Sloan foi um professor ativo na Liga dos Estudantes de Arte e serviu como seu presidente em 1931. Ele foi presidente da Sociedade de Artistas Independentes de 1918 até sua morte; esta organização encenou grandes shows, sem júri, sem prêmios, de 1917 até 1944.

Desde 1914 a 1918 Sloan passou os verões em Gloucester, Mass., onde pintou paisagens e também pessoas. Ele viajou para o Sudoeste pela primeira vez em 1919, e pelo resto de sua vida passou longos períodos em Santa Fé, N. Mex., onde ele construiu uma casa em 1940. A vida dos índios, as atividades cerimoniais dos habitantes espanhóis e a dramática paisagem desértica proporcionaram novos e poderosos súditos. Em 1931, ele foi ativo na organização de uma grande exposição de artes tribais indígenas.

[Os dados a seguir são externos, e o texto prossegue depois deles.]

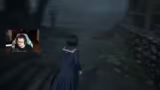 Atmosphäre, Horror und Gamepl…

Após cerca de 1930, Sloan não pintou mais cenas da cidade, mas ficou cada vez mais preocupado com os estudos do nu. As pinturas tardias são monumentais e tecnicamente inovadoras. Em contraste com a execução direta de seu trabalho anterior, estas são cuidadosamente construídas com subpinturas monocromáticas, sobre as quais uma superfície elaborada de travessões ousadas em cores dá um alívio surpreendente.

O poder da personalidade de Sloan é bem transmitido em Conteúdo de Arte (1939), uma compilação de declarações feitas a seus alunos que foram registradas por Helen Farr, que se tornou sua segunda esposa, em 1944. Sloan morreu em 7 de setembro de 1951, em Hanôver, N.H.

Leitura adicional sobre John Sloan

Sloan’s Gist of Art (1939) é uma declaração eloqüente de suas atitudes e métodos, com comentários interessantes sobre seus próprios trabalhos. Sloan’s New York Scene: De Diaries, Notes and Correspondence, 1906-1913, editado por Bruce St. John e apresentado por Helen Farr Sloan (1965), descreve Sloan e seu mundo. Lloyd Goodrich, John Sloan (1952), publicado em conexão com uma exposição no Museu Whitney, é o melhor estudo crítico. Van Wyck Brooks, John Sloan: A Vida de um Pintor, é um relato pessoal simpático. Guy Pène du Bois, John Sloan (sem data), é um breve mas útil livro de imagens. Há interessantes luzes laterais pessoais em Bennard B. Perlman, The Immortal Eight (1962).

Fontes Biográficas Adicionais

Loughery, John, John Sloan: pintor e rebelde,Nova York: H. Holt, 1995.

Scott, David W., John Sloan,Nova York: Watson-Guptill, 1975.